Retrieving data from remote archives#

This tutorial covers the retrieval of data from the ICOS Carbon Portal [1] and the CEDA archives [2].

Using the tutorial object store#

As in the previous tutorial, we will use the tutorial object store to avoid cluttering your personal object store.

In [1]: from openghg.tutorial import use_tutorial_store

In [1]: use_tutorial_store()

1. ICOS#

It’s easy to retrieve atmospheric gas measurements from the ICOS Carbon Portal using OpenGHG. To do so we’ll use the retrieve_atmospheric function from openghg.retrieve.icos.

Checking available data#

You can find the stations available in ICOS using their map interface. Click on a site to see its information, then use its three letter site code to retrieve data. You can also use the search page to find available data at a given site.

Using retrieve_atmospheric#

Note

Outside of this tutorial, if you have write access to multiple object stores you will need to pass the name of the object store you wish to write to to the store argument of the retrieve_atmospheric function as the function caches the data retrieved from ICOS.

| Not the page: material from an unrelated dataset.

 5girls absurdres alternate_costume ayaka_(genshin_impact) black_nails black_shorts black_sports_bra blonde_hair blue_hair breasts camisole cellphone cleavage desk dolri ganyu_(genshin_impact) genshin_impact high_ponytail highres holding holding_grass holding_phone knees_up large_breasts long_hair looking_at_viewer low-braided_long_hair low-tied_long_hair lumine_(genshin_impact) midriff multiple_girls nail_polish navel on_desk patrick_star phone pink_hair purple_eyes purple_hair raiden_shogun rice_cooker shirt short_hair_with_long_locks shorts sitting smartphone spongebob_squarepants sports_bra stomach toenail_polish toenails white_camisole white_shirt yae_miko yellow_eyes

First we’ll import retrieve_atmospheric from the retrieve submodule, then we’ll retrieve some data from Saclay (SAC). The function will first check for any data from SAC already stored in the object store, if any is found it is returned, otherwise it’ll retrieve the data from the ICOS Carbon Portal, this may take a bit longer. Note that we pass the update_mismatch=”from_source” as there is a difference in some of the metadata and attributes that OpenGHG will raise an error for. For more information about this see the “Metadata and attributes” tutorial.

In [1]: from openghg.retrieve.icos import retrieve_atmospheric
In [2]: sac_data = retrieve_atmospheric(site="SAC", species="ch4", sampling_height="100m", update_mismatch="from_source")

In [3]: len(sac_data)
Out[3]: 2

Here sac_data is a list of two ObsData objects, each containing differing amounts of data. We can see why there are two versions of this data by checking the dataset_source key in the attached metadata.

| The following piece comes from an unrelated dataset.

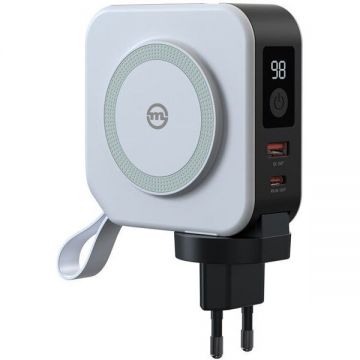 Acumulator extern Travel Charger, 10000 mAh, USB/USB-C, Cablu USB-C si Lightning integrate, Alb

In [4]: dataset_sources = [obs.metadata["dataset_source"] for obs in sac_data]

In [5]: dataset_sources
Out[5]: ['ICOS', 'European ObsPack']

Let’s say we want to look at the ICOS dataset, we can select that first dataset

In [6]: sac_data_icos = sac_data[0]

In [7]: sac_data_icos
Out[7]: 
ObsData(data=<xarray.Dataset>
Dimensions:                     (time: 40510)
Coordinates:
* time                        (time) datetime64[ns] 2017-05-31 ... 2022-02-...
Data variables:
    flag                        (time) object 'O' 'O' 'O' 'O' ... 'O' 'O' 'O'
    ch4_number_of_observations  (time) int64 11 11 11 3 11 11 ... 12 12 12 12 12
    ch4_variability             (time) float64 1.551 5.315 15.57 ... 0.508 2.524
    ch4                         (time) float64 1.935e+03 1.938e+03 ... 2.05e+03
Attributes: (12/33)
    species:                ch4
    instrument:             RAMCES - G24
    instrument_data:        ['RAMCES - G24', 'http://meta.icos-cp.eu/resource...
    site:                   SAC
    measurement_type:       ch4 mixing ratio (dry mole fraction)
    units:                  nmol mol-1
    ...                     ...
    Conventions:            CF-1.8
    file_created:           2023-06-14 12:52:11.547608+00:00
    processed_by:           OpenGHG_Cloud
    calibration_scale:      unknown
    sampling_period:        NOT_SET
    sampling_period_unit:   s, metadata={'station_long_name': 'sac', 'station_latitude': 48.7227, 'station_longitude': 2.142, 'species': 'ch4', 'network': 'icos', 'data_type': 'surface', 'data_source': 'icoscp', 'source_format': 'icos', 'icos_data_level': '2', 'site': 'sac', 'inlet': '100m', 'inlet_height_magl': '100', 'instrument': 'ramces - g24', 'sampling_period': 'not_set', 'calibration_scale': 'unknown', 'data_owner': 'morgan lopez', 'data_owner_email': 'morgan.lopez@lsce.ipsl.fr', 'station_height_masl': 160.0, 'dataset_source': 'ICOS'})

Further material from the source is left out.